PROBLEM LINK:
Author: Alexey Zayakin
Tester: Istvan Nagy
Editorialist: Xellos
DIFFICULTY:
Hard
PREREQUISITES:
Multiplication of big integers, polynomial interpolation, modular inverses
PROBLEM:
The function F(x) returns the smallest integer root of x. You’re given a big integer N and are supposed to find the sum F(2)+F(3)+\dots+F(N).
SHORT EXPLANATION:
Compute all roots of N using fast exponentiation, bruteforce multiplication and binary search. The answer can be found using a DP over roots of N, where you often need to compute sums of the form \sum_{x=2}^a k^r. Use polynomial interpolation to get those sums.
EXPLANATION:
The first thing to notice is that F(x) can be described much more simply: it’s just the g-th root of x for the maximum possible g that gives a root that’s also an integer.

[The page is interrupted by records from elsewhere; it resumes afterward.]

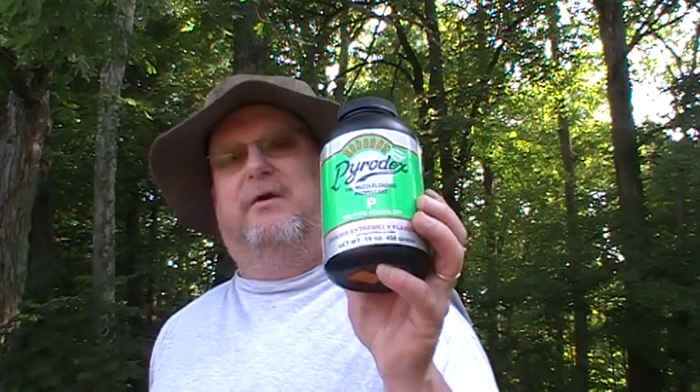People say homemade caps don't set off Pyrodex. I had two failures out of those two — I'm not complaining — but you judge. I'll post the other two videos along with this one, but for the mainstay, today's powder is Pyrodex.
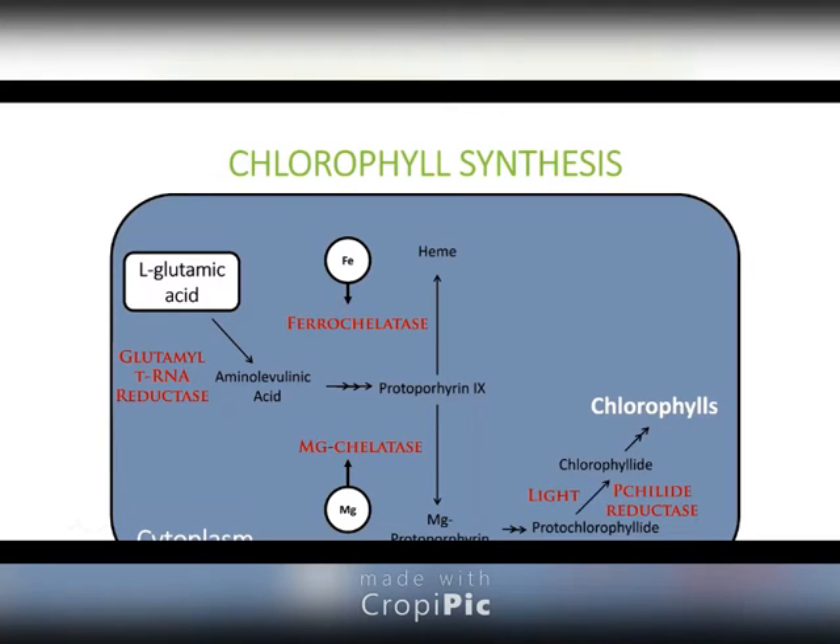If you don't have glutamic acid, you can't make chlorophyll. You can dump as much iron as you want. You can dump as much nitrogen as you want. But again, you're not going to be able to make chlorophyll without glutamic acid, which is powerful.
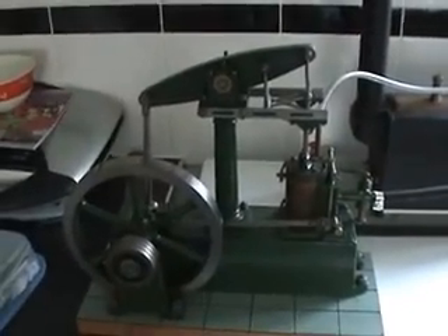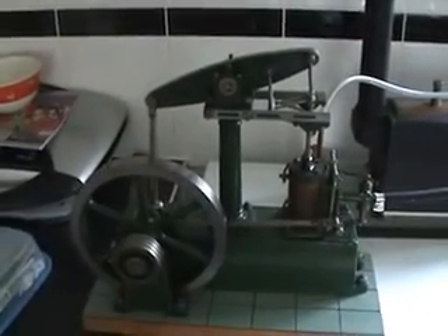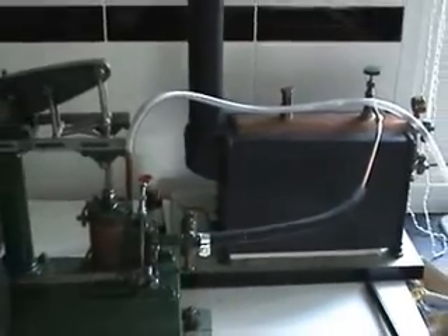Here's the Stuart beam engine I recently purchased. I've now rigged up a temporary system just to get it run on my steam, because I was dying to try it out. I've just done this temporarily to see how well it runs, and I've just got to sort out a permanent fixture.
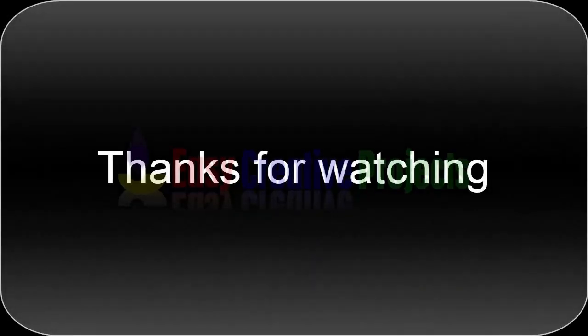Thanks for watching. If you like our videos, please tell us in the comments and don't forget to subscribe to our channel.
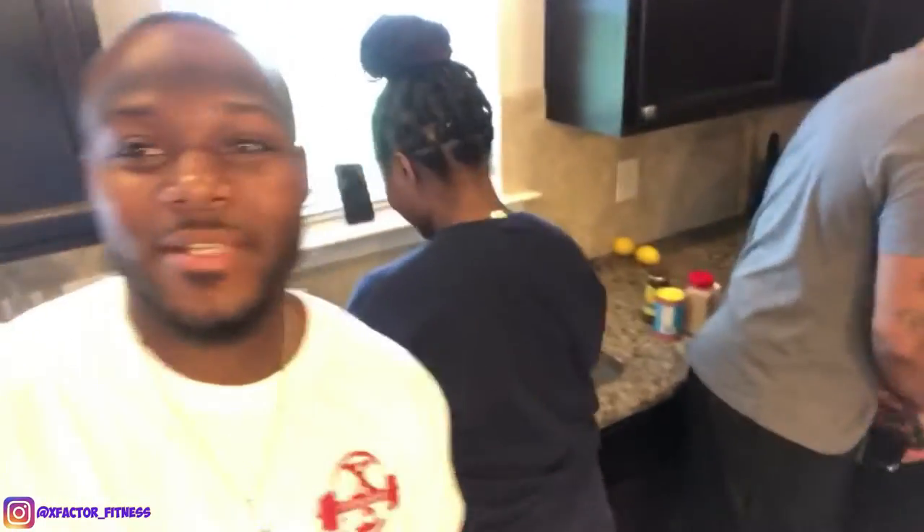What's going on YouTube? We are back in the kitchen. I got my sister right here. Hi! I got my brother right here. And we got the chef of the night. First cooking video is going down.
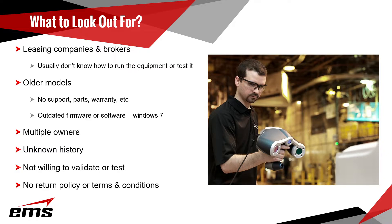If they're not willing to do any kind of validation or test, I would be careful. By test, I mean a measurement test — scan a very specific part and send you the data, do a live web demo, or make a video so you can see it working and get some data, or do a measurement test to confirm the accuracy is what it's supposed to be. Also be careful if they don't offer a return policy or some kind of terms where if it doesn't work, they'll pay to get it fixed or give you your money back. Get all of this in writing.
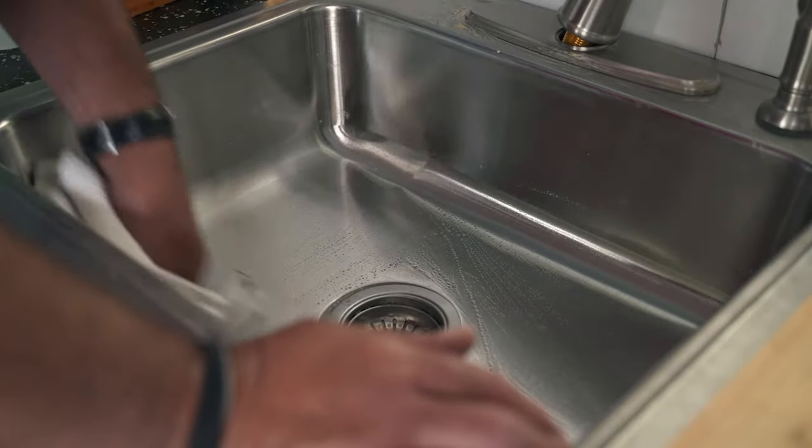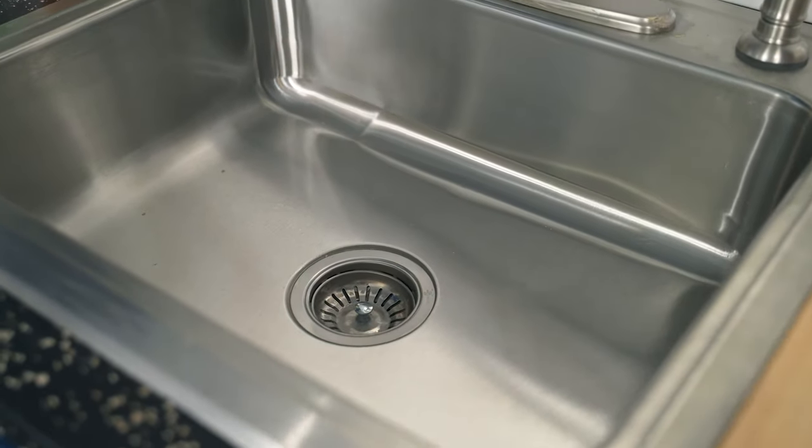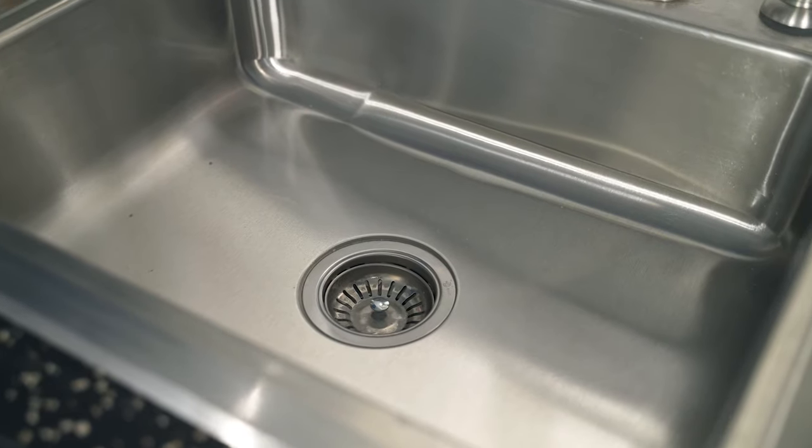The key is to go with that grain, because if you go against it, you can actually create swirls and then mar the finish of the sink. After that, you rinse it with water, and you're done.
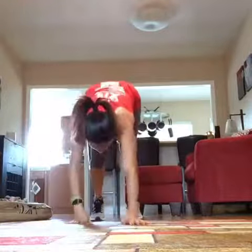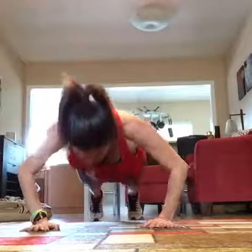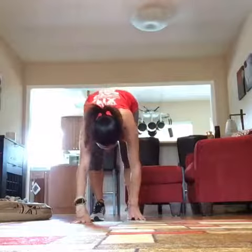The most important thing here is alignment. Don't think about going fast. If you need to modify this move, just drop your knees to the floor — we've got a great option there. You can even try starting on your knees and then try to push up onto your toes.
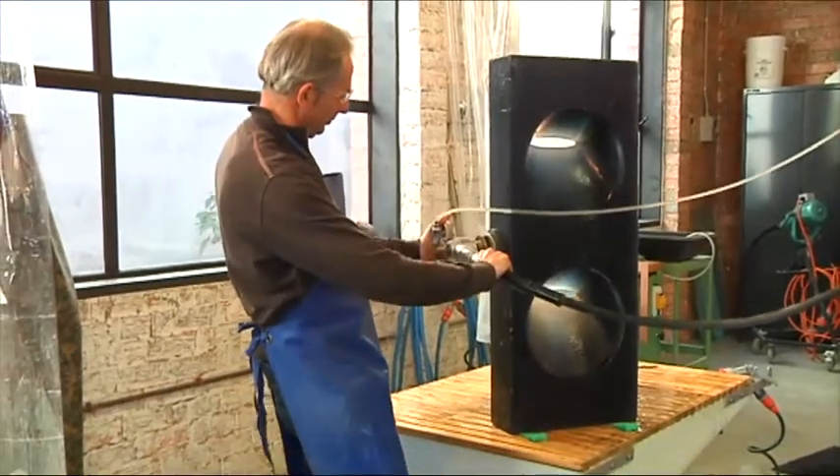I usually work with cast glass, which is a cast process similar to bronze casting. You make a mould and then fill that with glass ingots and spend a reasonably long time cooling in the kiln, and then carving it and shaping it through a cold working process, similar to stone carving, to make my regular work.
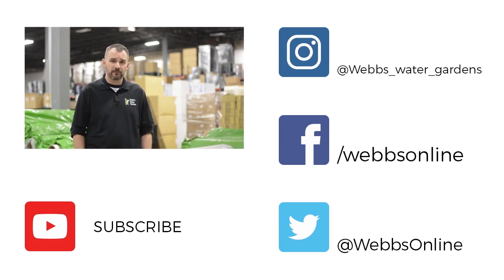Thanks for watching our video. Don't forget to leave your comments and questions below — we want to make sure we're making the right videos. Don't forget to follow us on our YouTube channel and all our social media platforms. We'll see you next time, thank you.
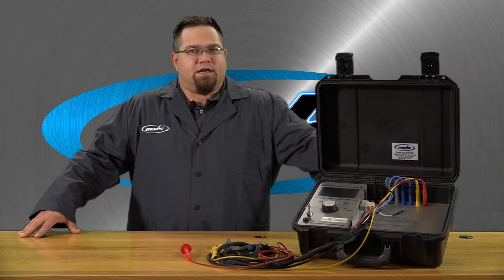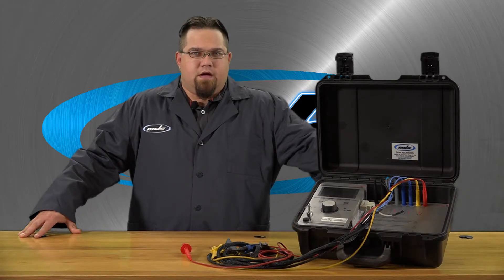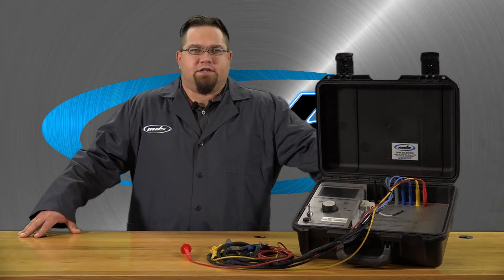The compact and robust design makes the MA2 an ideal tool for the on-site operator. For checking a three-phase motor, the three winding connections and the motor's housing are connected to the tester.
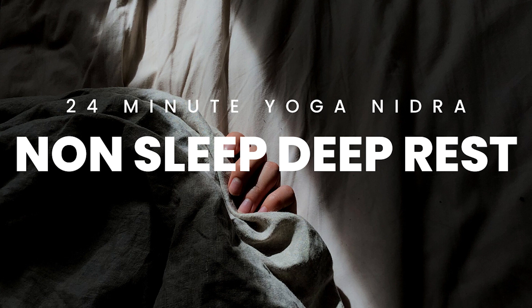Inside and out — awareness filling the volume of both legs, inside and out, both hands, sensing the vital energies present within both hands, both arms — sensing both legs and both arms together.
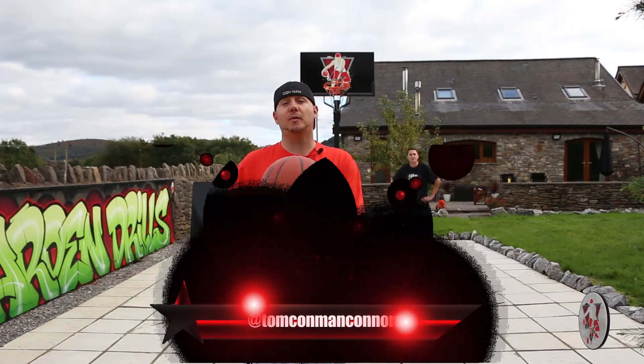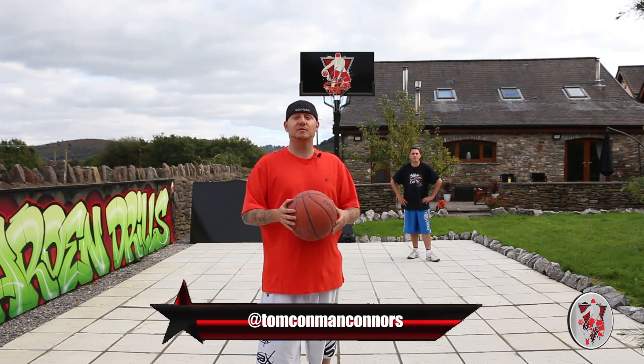Yes, this is Tom Conman Connors, pro streetball player, multiple Guinness ball record holder. Thank you so much for tuning in to Garden Drills.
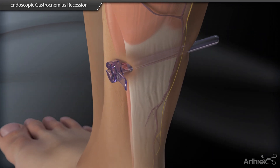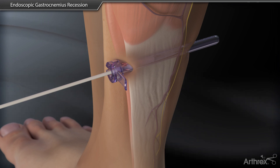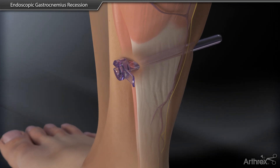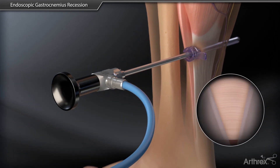The trocar is removed. Insert the sponge-tipped applicators to clear the inside of the cannula from any fluid or debris. A 4 mm arthroscope is then inserted with the camera turned towards the gastrocnemius tendon.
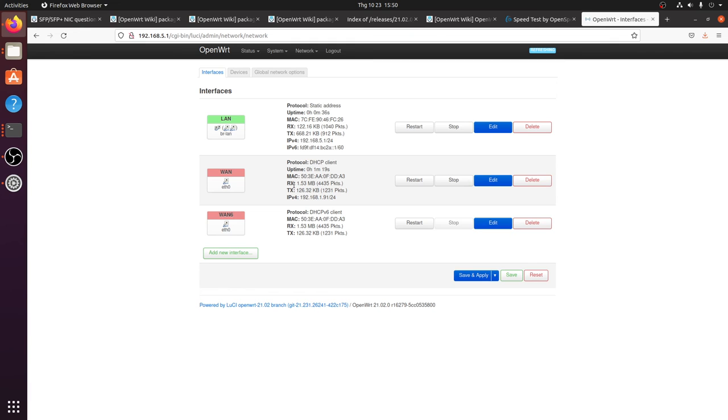That wraps up my test video for OpenWRT 10 Gbps routing. Unfortunately I wasn't able to reach 9.4 Gbps on the WAN-to-LAN test due to the network adapter issue — I'll check with the supplier for a replacement and test if the full NAT speed is achievable. Thanks for watching, feel free to leave any questions or suggestions in the comments, and see you in the next video!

The other thing is that N is YUGE. That means we can’t find the roots using standard methods like factorisation or taking the result in doubles and correcting it if necessary. Now’s not the time for that, though - roots come later. Let’s just estimate how many of them need to be computed: if 2^g \le N\approx 10^n, then g \le n\frac{\log{10}}{\log{2}} \approx 6700.
Most integers aren’t powers of other integers. For such numbers, F(x)=x; if we used this as an “estimate” of the answer, we’d get N(N+1)/2-1. From that, we need to subtract x-F(x) for all relevant x. We subtract them for square x, i.e. for x=y^2 (and all y from the range [2,\mathrm{floor}(\sqrt{N})]), which means that we actually subtract \sum y^2 and add the answer for \mathrm{floor}(\sqrt{N}); that answer can be computed recursively. We do the same for x-s that are powers of 3 (perfect cubes?). Powers of 4… oh wait, a power of 4 is also a power of 2, so we can skip 4.
Here’s something that breaks the (very short) pattern. If we tried subtracting x-F(x) for all x \le N that are r-th powers and all r, then we can subtract it multiple times for the same x. The most obvious fix that the situation with r=4 suggests is to ignore all r which aren’t products of distinct primes, but that’s not enough.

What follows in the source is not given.